CMStatistics 2020: Start Registration
View Submission - CMStatistics
Title: Weighting of parts in compositional data and its applications Authors:  Karel Hron - Palacky University (Czech Republic) [presenting]
Alessandra Menafoglio - Politecnico di Milano (Italy)
Javier Palarea-Albaladejo - Biomathematics and Statistics Scotland (United Kingdom)
Peter Filzmoser - Vienna University of Technology (Austria)
Renata Talska - Palacky University Olomouc (Czech Republic)
Juan Jose Egozcue - Universitat Politecnica de Catalunya (Barcelona, Spain) (Spain)

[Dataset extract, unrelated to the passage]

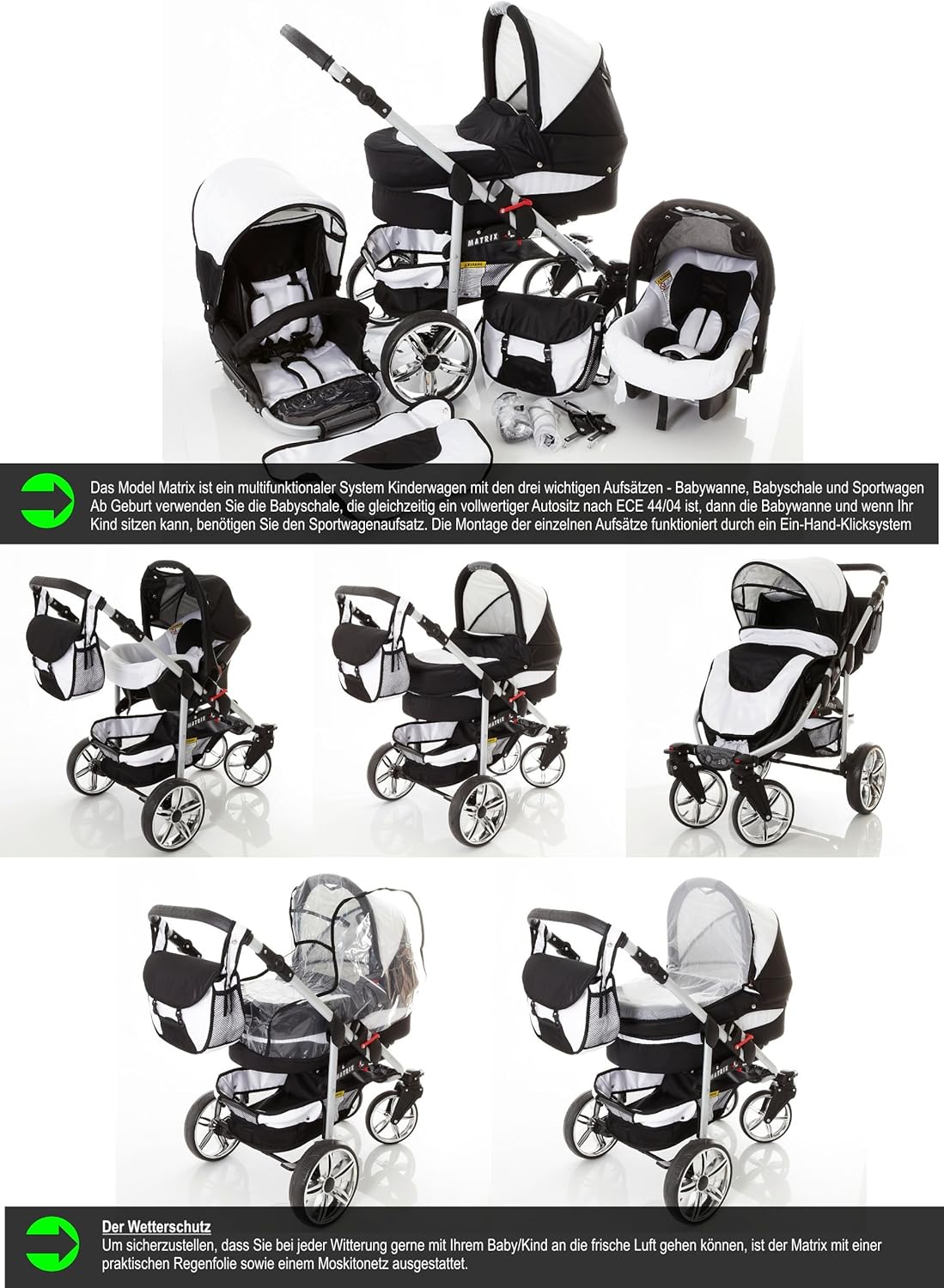 poussette matrix 2 3 en 1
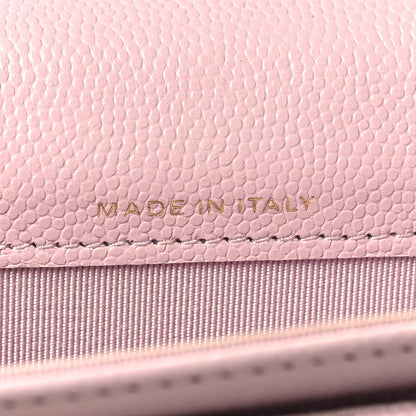 Chanel Caviar Quilted Flap Card Holder Wallet Light Pink 7 of 9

Abstract: It often occurs in practice that it is sensible to give different weights to the variables involved in multivariate data analysis. The same holds for compositional data as multivariate observations carrying relative information, such as proportions or percentages. It can be convenient to apply weights to, for example, better accommodate differences in the quality of the measurements, the occurrence of zeros and missing values, or generally to highlight some specific features of compositional variables (i.e. parts of a whole). The characterisation of compositional data as elements of a Bayes space enables the definition of a formal framework to implement weighting schemes for the parts of a composition. This is formally achieved by considering a reference measure in the Bayes space alternative to the common uniform measure via the well-known chain rule. Unweighted centred log-ratio (clr) coefficients and isometric log-ratio (ilr) coordinates then allow representing compositions in the real space equipped with the (unweighted) Euclidean geometry, where ordinary multivariate statistical methods can be used and interpreted. We present these formal developments and use them to introduce a general approach to weighting parts in compositional data analysis. We demonstrate its practical usefulness on simulated and real-world data sets in the context of the earth sciences.